Badges in Schools: In summer 2015, a teacher at Pittsburgh’s City Charter High School developed digital badges connected with her Spanish class’s final project. Students were required to work in groups to script, act, film, and edit a Spanish soap opera, or telenovela. Students earned badges for gaining knowledge and skills related to several components of the filmmaking process — from scriptwriting to camera operation to graphic design — and all students were encouraged to develop dispositions toward fluent speaking, convincing presentational style, and effective collaboration. These badges aligned effectively with the World-Readiness Standards for Learning Languages published by the ACTFL, the relevant standards for the world languages classroom. Designing these badges helped students understand the knowledge, skills, and dispositions that their teacher expected them to work toward as a result of completing the project, and earning the badges helped students more effectively tell the story of what they learned.

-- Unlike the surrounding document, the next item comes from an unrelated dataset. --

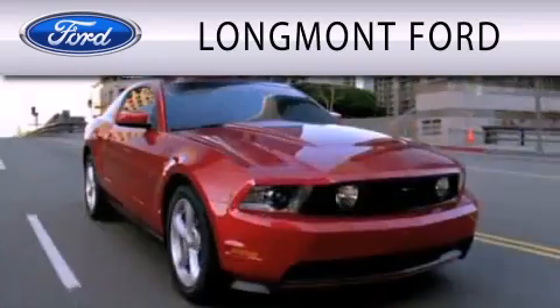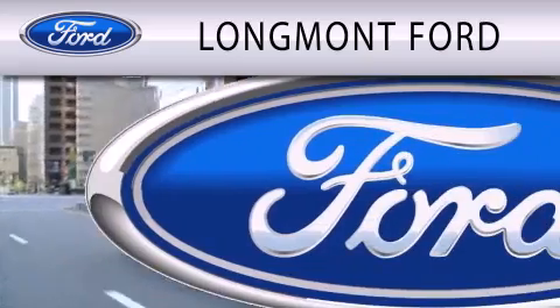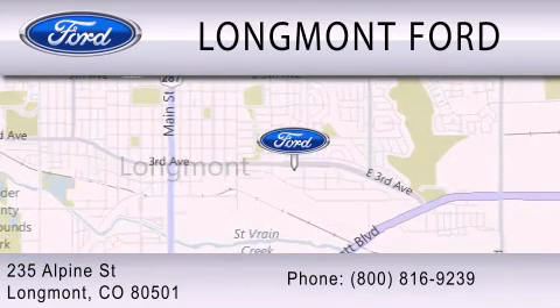Longmont Ford is dedicated to doing everything possible to ensure that the experience you have selecting your next vehicle is as pleasant as possible. We're located at 235 Alpine Street in Longmont.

Badges & Workforce Development: In 2015 and 2016, Sprout worked with Partner4Work (then called the Three Rivers Workforce Investment Board) to develop digital badges for students who participated in Learn & Earn, Pittsburgh’s summer youth employment program. Learn & Earn students work for six weeks at more than 30 work sites across the city, and they are engaged in activities from land restoration and gardening to filing and computer programming. Their badge rewarded students for completing activities that aligned with the career readiness competencies that all participants were required to gain during the program. Students at all 30 Learn & Earn provider sites had the opportunity to complete the activities that led to this badge.

Badges & Learning Pathways: In 2016, Sprout provided support to six teams to create cross-disciplinary, badge-enabled learning pathways during the 2016–2017 academic year. Each team is using Connected Learning principles to help youth engage deeply on a subject as they visit several learning spaces across the region. One of the six teams founded the Architecture Learning Network, a new collaboration between ACE (Architecture-Construction-Engineering) National Mentor Program, Assemble, Carnegie Mellon University’s School of Architecture, Carnegie Museum of Art, Fallingwater, and Pittsburgh History and Landmarks Foundation (PHLF). The Architecture Learning Network (ALN) organizations provide opportunities for youth to become interested in architecture, active in their communities, and knowledgeable about the design process, historic preservation, sustainability, and digital technology. Young learners can complete programs through the ALN and receive digital badges for their architectural designs.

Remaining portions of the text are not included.